Die Straußdorfer fühlen sich vernachlässigt, außen vor gelassen und lokalpolitisch wenig beachtet. Wenn es ums dörfliche Ego geht, kann es schon mal laut werden. "Was die Stadt Grafing in den letzten Jahren in Straußdorf investiert hat, das war außer dem Kanal kein Sackerl Zement", wetterte CSU-Kreisrat Martin Lechner. "Die Enttäuschung ist riesengroß!" Der Grafinger Blick sei nämlich vor allem ein Blick auf die Stadt, nicht aber auf die gesamte Gemeinde, kritisierte er. Deshalb würden die Grundstückspreise in der Stadt steigen, während sie auf dem Land fielen. Der Applaus im Saal lässt darauf schließen, dass Lechner mit seiner harten Haltung nicht alleine dasteht.

Ist das nun aber berechtigte Kritik? Oder eher eine Art Minderwertigkeitskomplex einer stolzen Gemeinde, die Ende der 1970er Jahre der Stadt Grafing zugeschlagen worden war? Die Antwort muss wohl heißen: beides. Mitnichten wird Straußdorf in der Grafinger Lokalpolitik ignoriert. Gerade bekommt der Ortsteil - auf eigenen Wunsch - zum Beispiel einen Radweg nach Grafing gebaut. Und Josef Rothmoser (CSU) ist so etwas wie der Straußdorfer Anwalt im Stadtrat. Seit vergangenem Jahr als stellvertretender Bürgermeister zudem die Nummer Zwei in der Stadtverwaltung.

Gleichwohl kommt die Straußdorfer Wut nicht von ungefähr. Denn um sich selbst vom Verkehr zu entlasten, schoben ihn die Grafinger mit der Ostumfahrung in Richtung Straußdorf. So langsam merkt der Ortsteil, was dies in Kombination mit den nun für Lkw geöffneten Bahnunterführungen im Süden bedeutet. Wohl auch deshalb steht die Verkehrsentlastung ganz oben auf der Liste des Dorferneuerungsteams. Keine Frage: Das Programm wird das Dorf sicherlich ein bisschen aufhübschen. Aber kein einziges Fahrzeug wird deswegen weniger hindurch fahren.

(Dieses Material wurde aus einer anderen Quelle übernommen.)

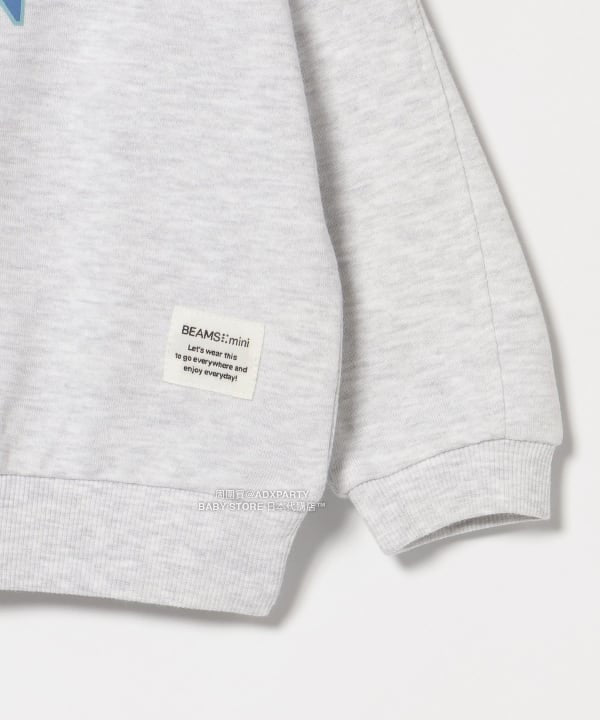 日本童裝 BEAMS mini 半拉鍊衛衣 90-140cm 男童款/女童款 秋冬季 TOPS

Das hätten die vielfach anwesenden Grafinger Stadträte den Straußdorfern auch ruhig so deutlich sagen können. An einem ernsthaften Gespräch schienen sie aber nicht sonderlich interessiert zu sein. Wirklich unters Volk trauten sich nur zwei oder drei von ihnen. Der Rest setzte sich mit einer elitären Selbstverständlichkeit an den großen Tisch in der Mitte. Welch Symbolik, die die Grafinger da setzen: Mittendrin wollen sie sein, aber bitteschön unter sich.